Restate all entries exactly. Skip the images.

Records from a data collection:

-=-=-=-=-

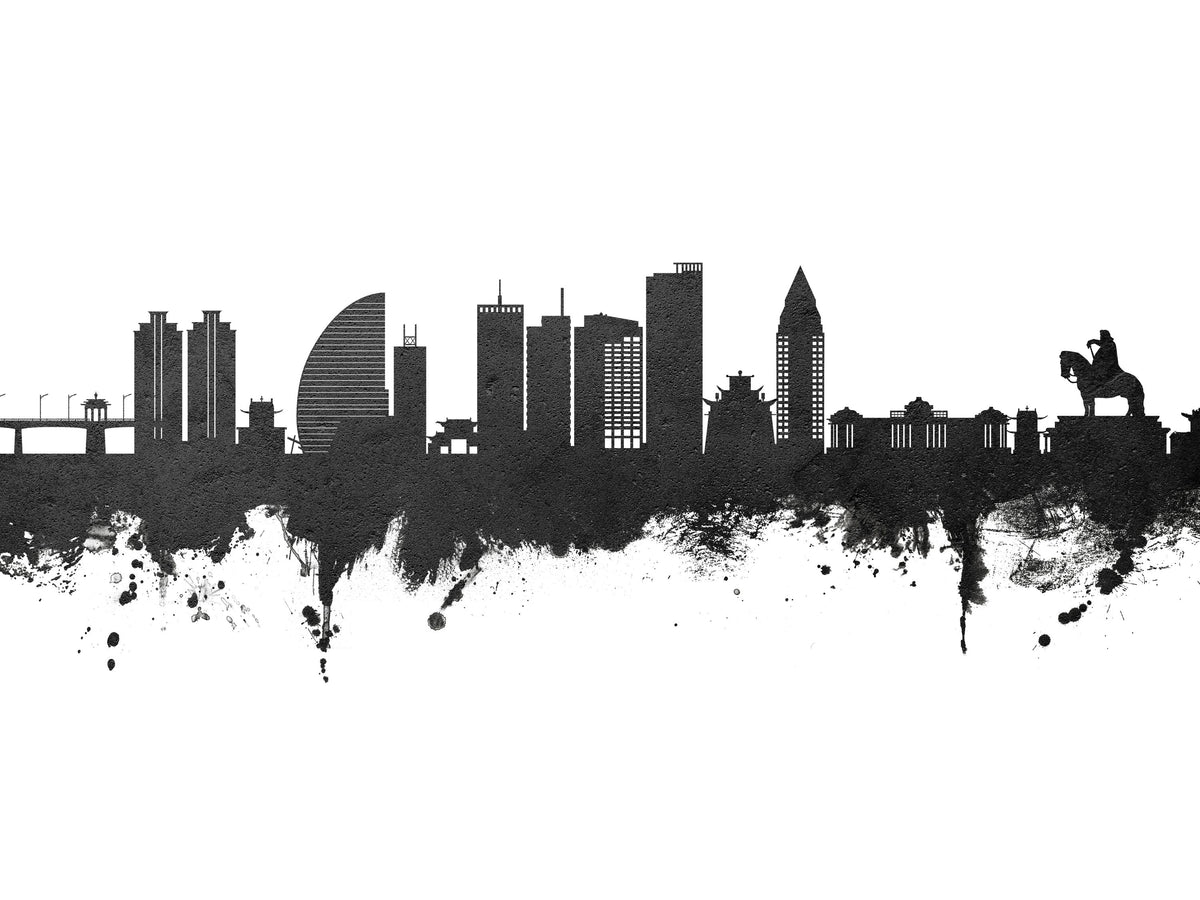 Ulaanbaatar Mongolia Skyline Black & White Mural Wallpaper - pure wallpaper artwork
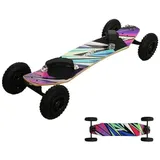 Howzit PeakFlow Mountainboard für Gelände, 96 cm, aus Birkenholz, 9-lagig, Trucks Typ Skate 36 cm & aufblasbare 8-Zoll-Räder, verstellbare Befestigungen, Klettverschluss, ideal für Freeride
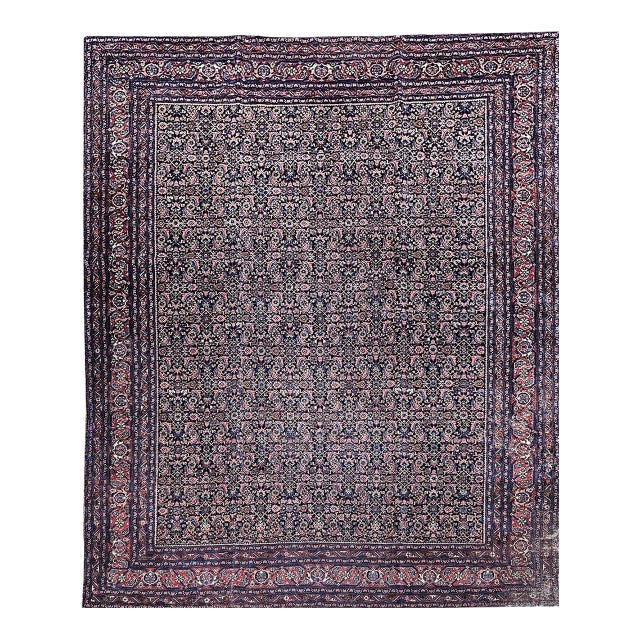 Vintage Persian Bidjar Rug, Hand-Knotted Wool, All-over Herati Geometric Pattern, Navy & Rust-Red,9x12 For Sale
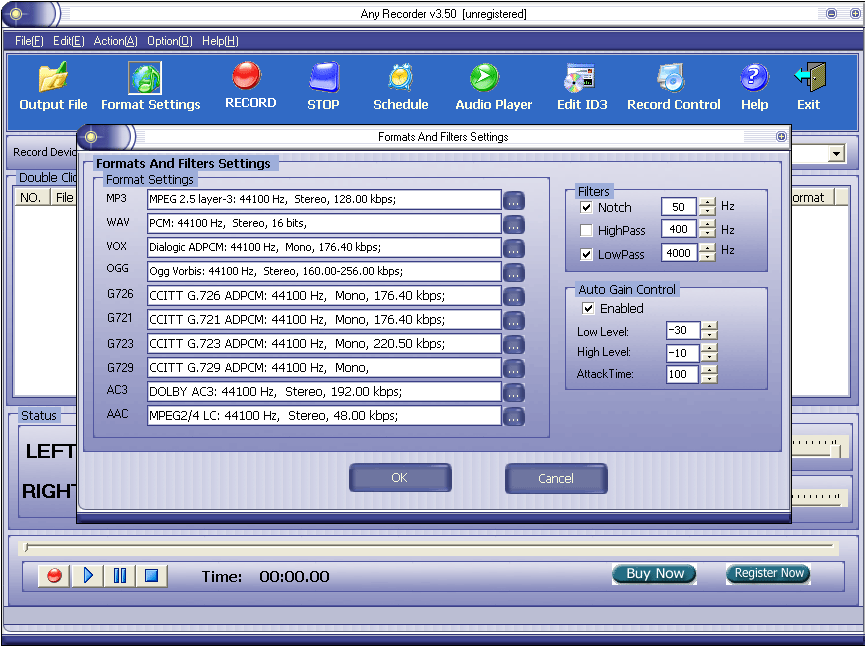 Any Recorder 3.60 software screenshot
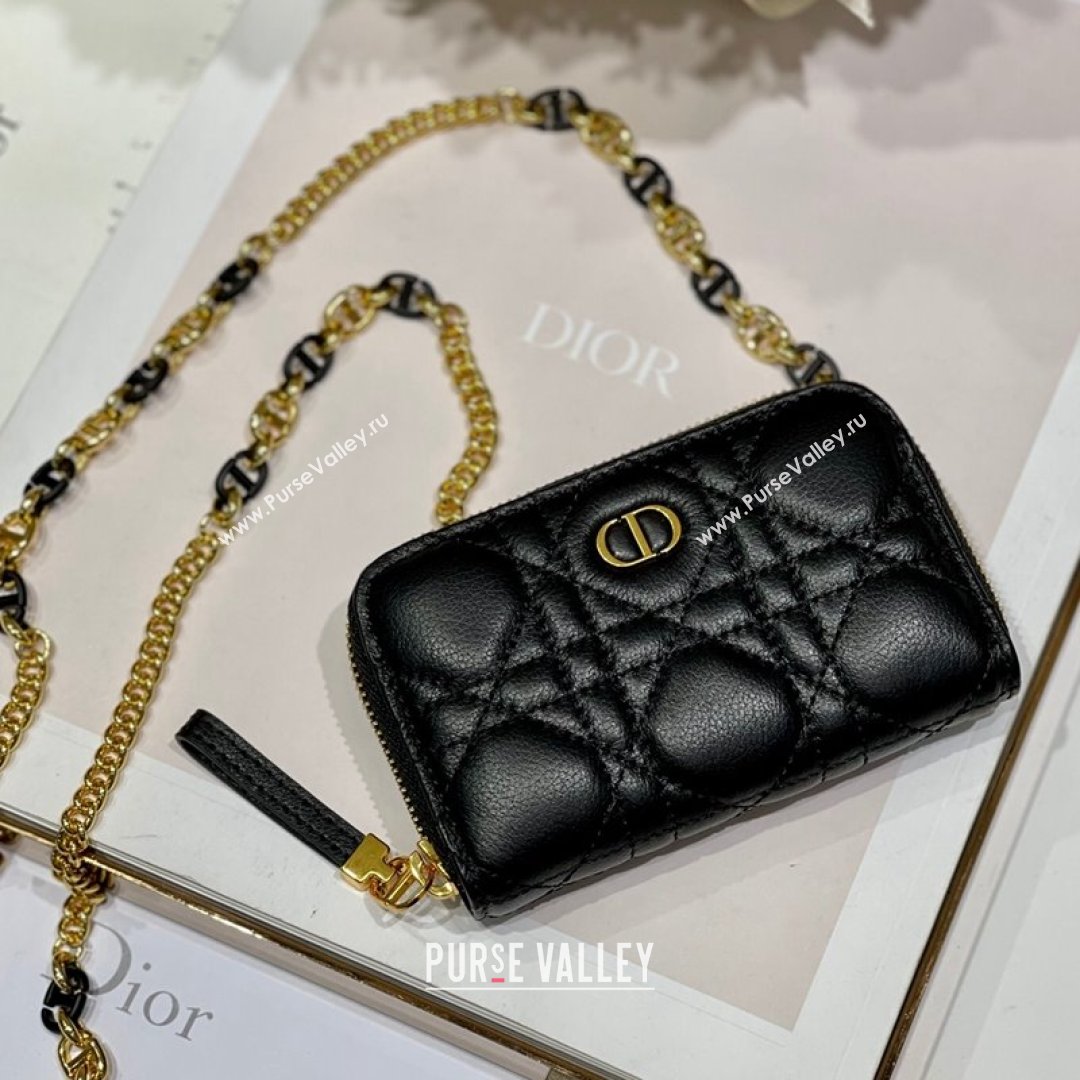 Dior Mini Caro Zipped Pouch in Black Cannage Lambskin 2021 (BINF-21090818)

-=-=-=-=-

Written solution:
 Ulaanbaatar Mongolia Skyline Black & White Mural Wallpaper - pure wallpaper artwork
 Howzit PeakFlow Mountainboard für Gelände, 96 cm, aus Birkenholz, 9-lagig, Trucks Typ Skate 36 cm & aufblasbare 8-Zoll-Räder, verstellbare Befestigungen, Klettverschluss, ideal für Freeride
 Vintage Persian Bidjar Rug, Hand-Knotted Wool, All-over Herati Geometric Pattern, Navy & Rust-Red,9x12 For Sale
 Any Recorder 3.60 software screenshot
 Dior Mini Caro Zipped Pouch in Black Cannage Lambskin 2021 (BINF-21090818)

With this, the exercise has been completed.